- _PROBLEM REQUIREMENTS_: Your answer should be an exact copy of the lines from the one containing "JEPET AMBIENT BIZNESI" through the last line of the records below, without any pictures.

- _INFORMATION_:
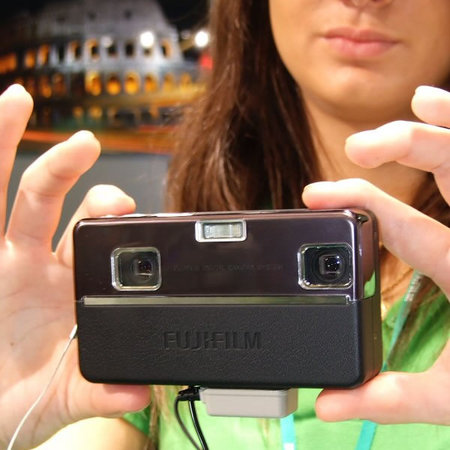 ���������� 3D ����������� Fujifilm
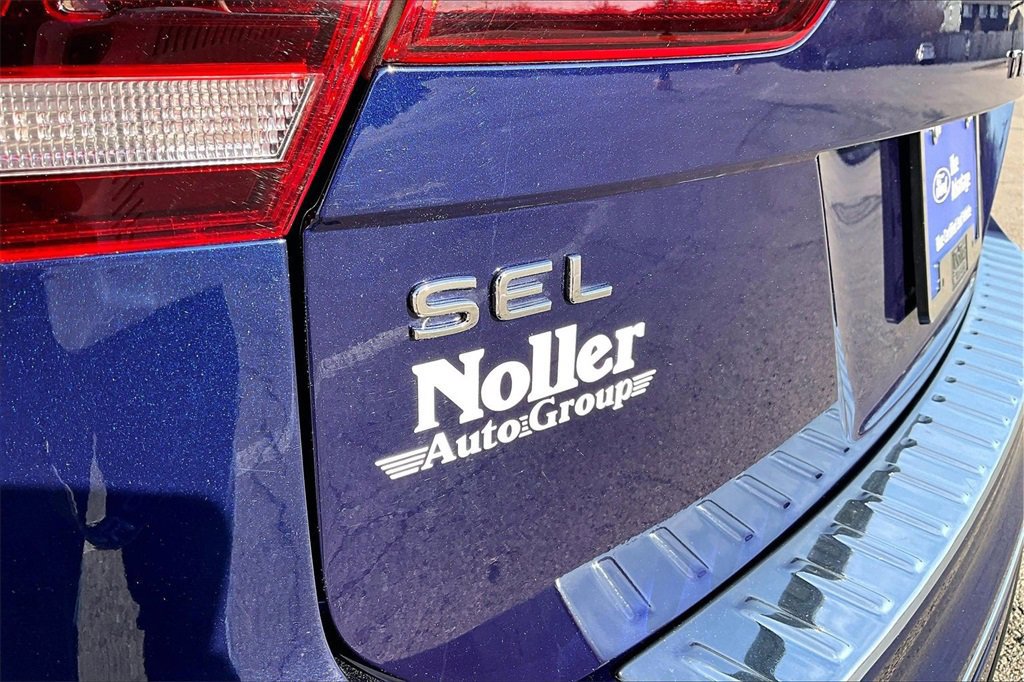 Used 2022 Volkswagen Tiguan SEL R-Line image 10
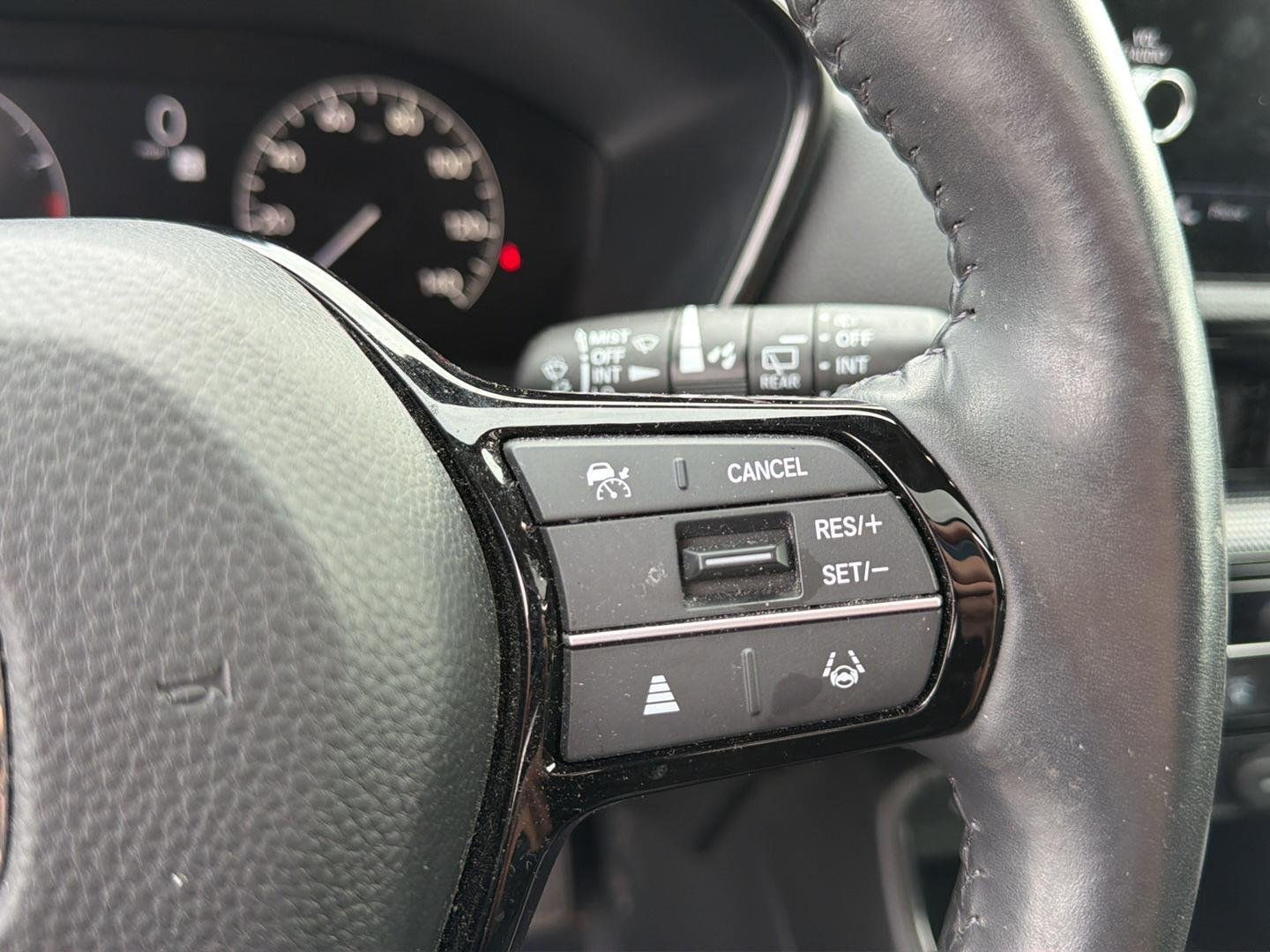 Used 2024 Canyon River Blue Metallic Honda EX-L image 13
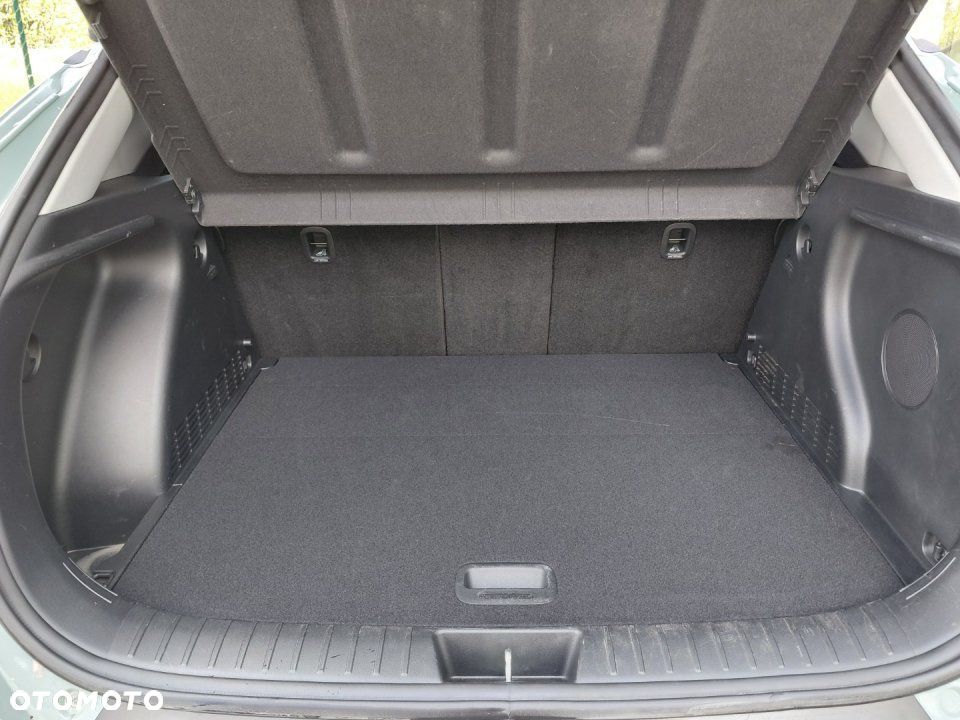 Hyundai Kona - 41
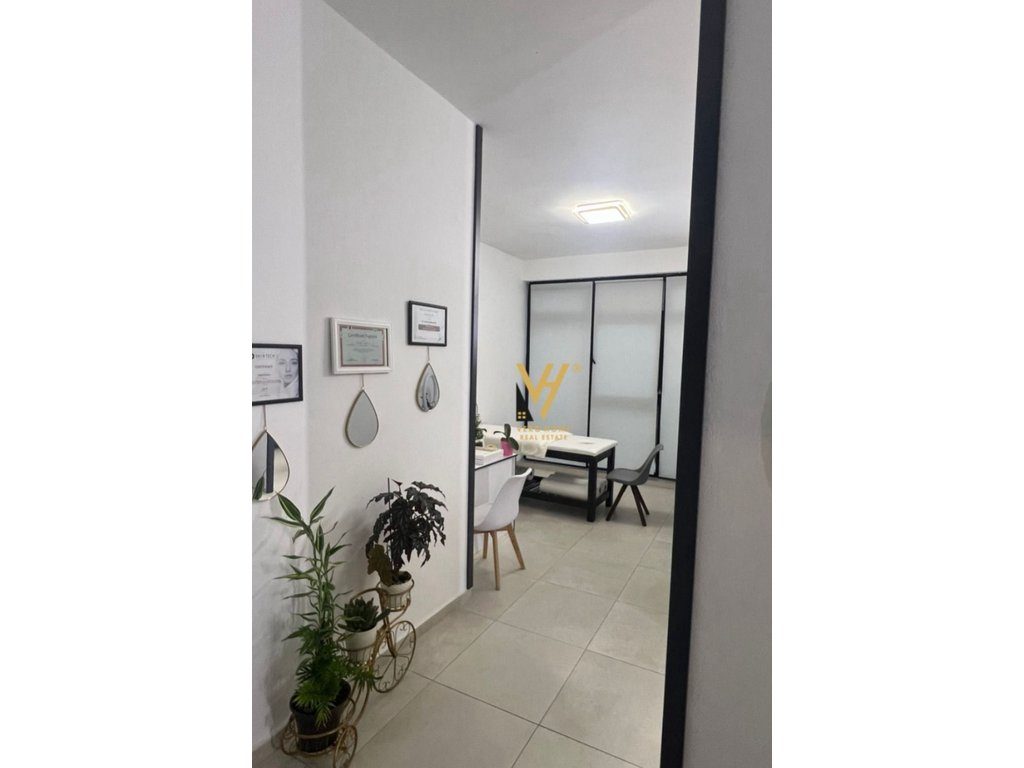 JEPET AMBIENT BIZNESI 60 M2 ME QERA TE ISH PARKU 50.000 LEKE 1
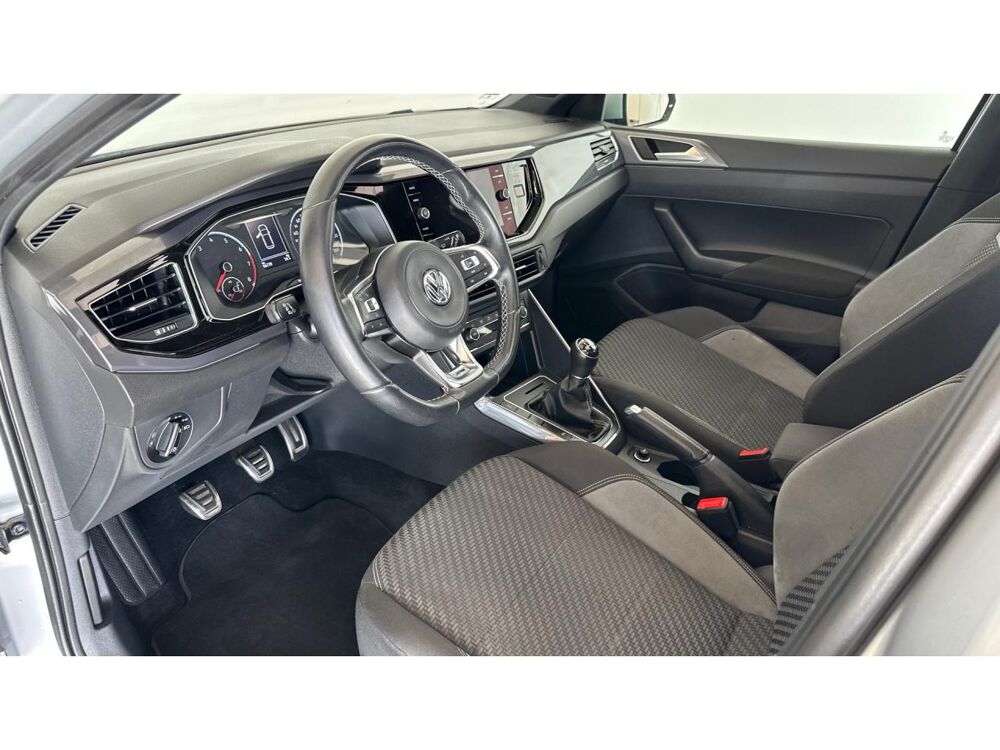 Polo 1.0 TSI 115 R-Line - Toit Ouvrant / Attelage 2019 occasion 17600 Saujon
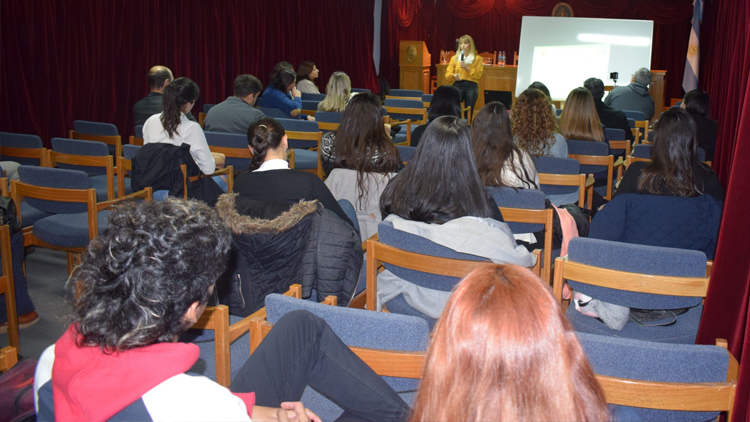 DISERTACIONES JUDICIALES: Profesionales del derecho se capacitaron en mediación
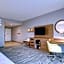 Hampton Inn By Hilton & Suites Portland, ME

- _EXERCISE RESPONSE_:
 JEPET AMBIENT BIZNESI 60 M2 ME QERA TE ISH PARKU 50.000 LEKE 1
 Polo 1.0 TSI 115 R-Line - Toit Ouvrant / Attelage 2019 occasion 17600 Saujon
 DISERTACIONES JUDICIALES: Profesionales del derecho se capacitaron en mediación
 Hampton Inn By Hilton & Suites Portland, ME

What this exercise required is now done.